After a leisurely breakfast, head to Pitlochry’s picturesque station to catch the train for a journey along the scenic Highland mainline. After departing from Pitlochry, pass through the Pass of Killiecrankie, then see white-washed Blair Castle, the home of the Duke of Atholl.   

Our train starts the climb through the Grampian Mountains to reach the Druimuachdar Pass, the highest summit in the British rail network. 

We break our journey at Dalwhinnie, whose distillery is home to a famous Highland Single Malt Whisky. The site of the distillery was chosen for its access to clear spring water and abundant peat from the surrounding bogs. 

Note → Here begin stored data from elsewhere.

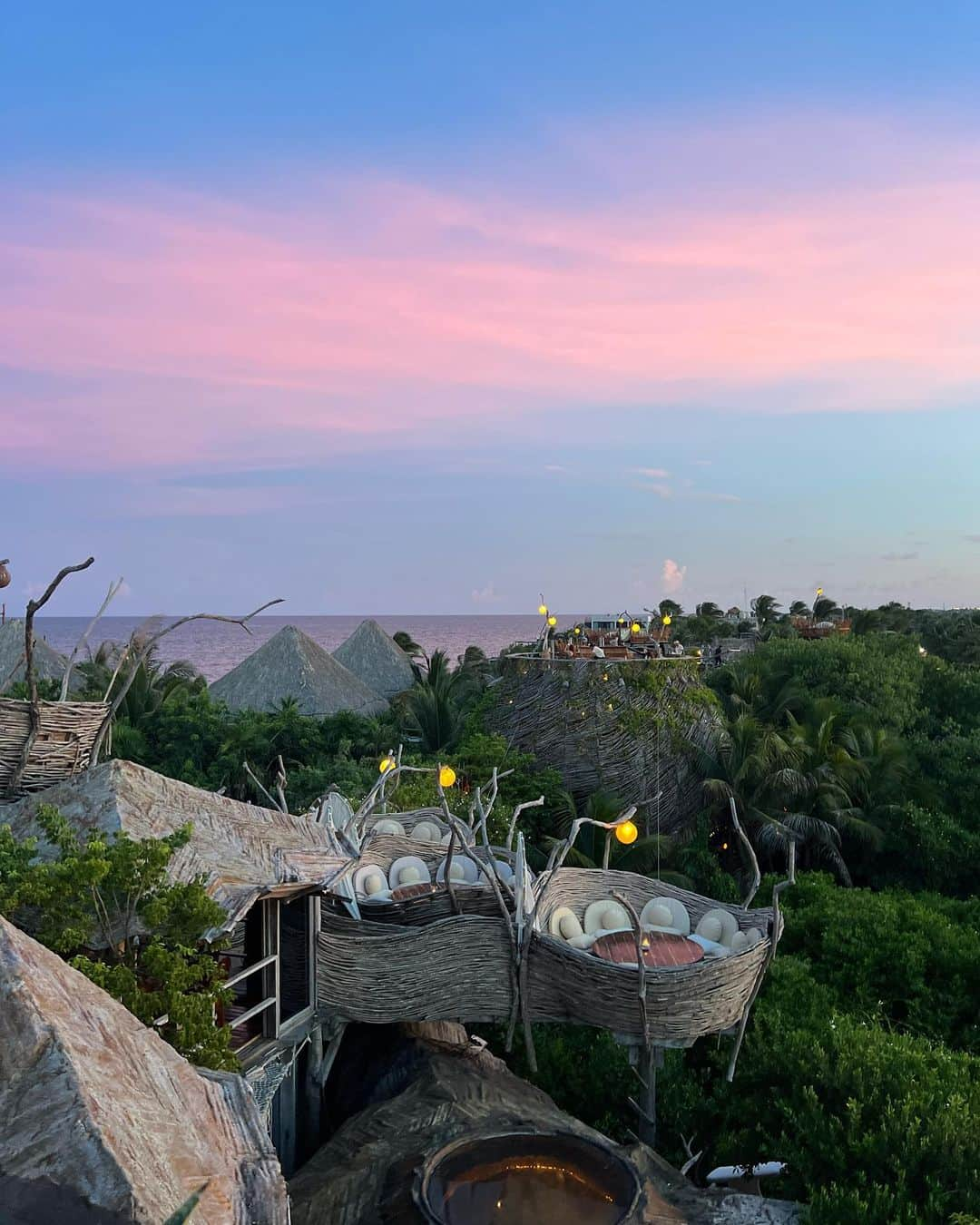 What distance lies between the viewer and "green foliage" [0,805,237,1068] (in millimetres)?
5898

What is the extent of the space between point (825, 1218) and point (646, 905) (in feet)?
9.83

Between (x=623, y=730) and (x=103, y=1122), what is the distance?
16.4 m

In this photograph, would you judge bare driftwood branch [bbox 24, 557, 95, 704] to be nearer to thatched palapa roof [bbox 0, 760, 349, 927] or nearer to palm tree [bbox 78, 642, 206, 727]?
thatched palapa roof [bbox 0, 760, 349, 927]

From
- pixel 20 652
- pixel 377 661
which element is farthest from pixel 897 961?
pixel 20 652

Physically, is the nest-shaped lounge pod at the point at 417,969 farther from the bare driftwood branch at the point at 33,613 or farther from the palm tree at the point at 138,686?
the palm tree at the point at 138,686

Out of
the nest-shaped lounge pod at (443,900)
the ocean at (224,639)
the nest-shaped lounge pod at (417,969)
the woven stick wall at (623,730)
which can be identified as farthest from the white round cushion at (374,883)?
the ocean at (224,639)

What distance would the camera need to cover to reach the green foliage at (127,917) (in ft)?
19.4

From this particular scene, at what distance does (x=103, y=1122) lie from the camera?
3.08 meters

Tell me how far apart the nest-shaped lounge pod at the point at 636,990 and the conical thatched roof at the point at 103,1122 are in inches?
177

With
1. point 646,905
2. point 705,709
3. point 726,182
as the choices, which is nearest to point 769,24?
point 726,182

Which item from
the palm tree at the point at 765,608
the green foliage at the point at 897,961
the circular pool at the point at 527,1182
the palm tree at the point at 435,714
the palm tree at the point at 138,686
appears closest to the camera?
the circular pool at the point at 527,1182

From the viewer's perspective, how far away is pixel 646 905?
31.4ft

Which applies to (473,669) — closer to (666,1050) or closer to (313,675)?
(313,675)

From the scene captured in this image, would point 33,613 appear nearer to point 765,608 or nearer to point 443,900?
point 443,900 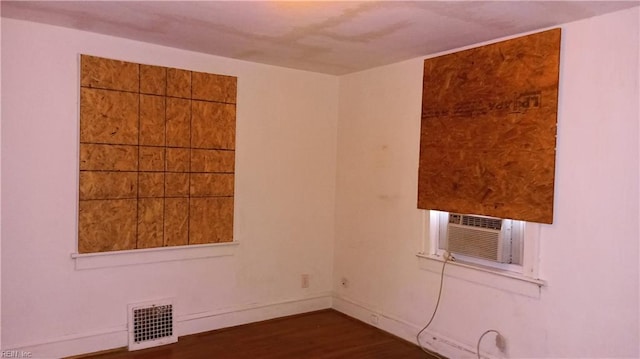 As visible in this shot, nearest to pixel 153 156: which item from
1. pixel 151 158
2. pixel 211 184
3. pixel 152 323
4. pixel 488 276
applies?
pixel 151 158

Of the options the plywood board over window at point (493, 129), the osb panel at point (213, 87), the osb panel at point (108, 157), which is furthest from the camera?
the osb panel at point (213, 87)

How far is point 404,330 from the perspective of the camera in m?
4.06

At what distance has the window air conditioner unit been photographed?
3.32 metres

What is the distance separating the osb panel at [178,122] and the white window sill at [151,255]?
0.89 m

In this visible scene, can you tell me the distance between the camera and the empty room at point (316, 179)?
9.36 ft

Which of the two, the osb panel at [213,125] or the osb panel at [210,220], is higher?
the osb panel at [213,125]

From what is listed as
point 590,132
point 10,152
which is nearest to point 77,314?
point 10,152

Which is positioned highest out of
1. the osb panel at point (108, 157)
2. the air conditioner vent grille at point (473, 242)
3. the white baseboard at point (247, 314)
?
the osb panel at point (108, 157)

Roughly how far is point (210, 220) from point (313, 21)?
78.1 inches

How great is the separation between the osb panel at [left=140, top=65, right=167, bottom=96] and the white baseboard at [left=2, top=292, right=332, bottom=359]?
6.16ft

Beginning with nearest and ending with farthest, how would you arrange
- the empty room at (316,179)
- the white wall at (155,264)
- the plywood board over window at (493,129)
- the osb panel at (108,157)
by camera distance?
the empty room at (316,179), the plywood board over window at (493,129), the white wall at (155,264), the osb panel at (108,157)

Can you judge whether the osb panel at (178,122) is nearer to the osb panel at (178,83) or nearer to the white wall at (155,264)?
the osb panel at (178,83)

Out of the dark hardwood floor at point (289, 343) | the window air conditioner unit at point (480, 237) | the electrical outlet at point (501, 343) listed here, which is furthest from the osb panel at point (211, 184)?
the electrical outlet at point (501, 343)

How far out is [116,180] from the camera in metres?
3.65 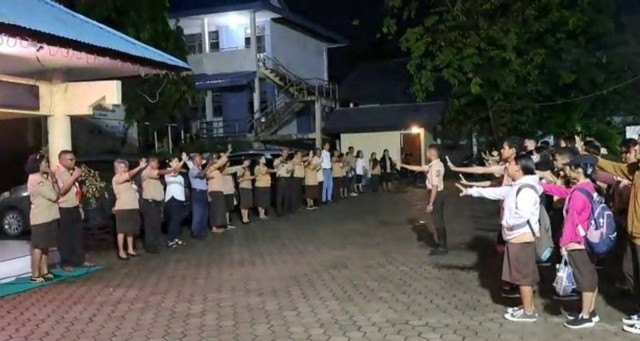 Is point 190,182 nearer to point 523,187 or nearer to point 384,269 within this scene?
point 384,269

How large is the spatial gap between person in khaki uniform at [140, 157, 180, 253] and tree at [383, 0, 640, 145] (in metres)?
13.4

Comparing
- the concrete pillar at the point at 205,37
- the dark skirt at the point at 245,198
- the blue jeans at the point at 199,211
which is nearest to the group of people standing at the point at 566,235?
the blue jeans at the point at 199,211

Set in splendid mountain scenery at the heart of the Cairngorms National Park, Dalwhinnie is the highest distillery in Scotland at 1164 feet above sea level. 

After a distillery tour and tutored tasting, continue northwards by train to the Highland Capital of Inverness. Tonight, why not enjoy some traditional folk music played with gusto at Hootenany’s Pub.

Overnight: Redcliffe Hotel, Inverness or similar


A different mode of travel today as we head to Inverness Bus Station to join the coach for a scenic journey through the Great Glen to Fort William. 

From the center of Inverness, we travel southwards through the Great Glen and along the banks of the lochs that form part of the Caledonian Canal, ingeniously designed by Thomas Telford. 

First is Loch Ness, which is, of course, famous for its elusive resident, Nessie. As we journey along the banks of this mysterious lake, why not take the chance for some monster-spotting? Look out for the ruins of Urquhart Castle, once a mighty fortress that boasts over 1,000 years of history. 

As we travel through the bustling village of Fort Augustus, look out for the impressive flight of five locks carrying the boats towards Loch Ness.   

Alight from the coach on the outskirts of Fort William to visit Ben Nevis Distillery, one of the oldest licensed distilleries in Scotland. It was established in 1825 and sits below Britain’s highest mountain, Ben Nevis. 

Visit the Legend of the Dew exhibition in an old distillery warehouse.  In a specially commissioned audiovisual presentation, meet Hector McDram, a mythical giant who will reveal the secret Legend of the Dew of Ben Nevis. Following this, enjoy a conducted tour of the production areas by a trained guide and a complimentary tasting. 

After free time in Fort Wiliam, continue the journey by coach to the Victorian seaside town of Oban.

Overnight: Royal Hotel, Oban or similar


Enjoy a relaxing breakfast before enjoying the last distillery visit of the tour. Oban Distillery takes its name from the town where the Highlands meet the Islands and nestles below Oban’s steep cliff. 

On our visit to Oban Distillery, learn about the ancient art of distilling at one of Scotland’s smallest and oldest distilleries. It has just two pot stills and was originally established in 1794 by brothers John and Hugh Stevenson. It underwent a refurbishment in the 1890s, and there has been little change to the present buildings since then. 

The distillery tour offers the chance to witness the traditional craftsmanship of whisky production first-hand before enjoying complimentary drams of the Oban 14-year-old West Highland Malt.

Oban is known as the Seafood Capital of Scotland, so why not take the opportunity to enjoy a recently landed seafood treat alfresco on the pier before heading to the station. 

The train to Glasgow follows the West Highland Line, considered one of Scotland’s most scenic. The journey starts by following the banks of Loch Etive, then through the Pass of Brander to reach Loch Awe beyond. Look out for the ruins of Kilchurn Castle, an ancient stronghold of the Clan Campbell. 

From Dalmally, travel through picturesque Glen Lochy to reach Tyndrum and Crianlarich. The last part of the journey offers beautiful views of Loch Lomond then slender Loch Long. The banks of the Clyde Estuary lead us to trips end in Glasgow.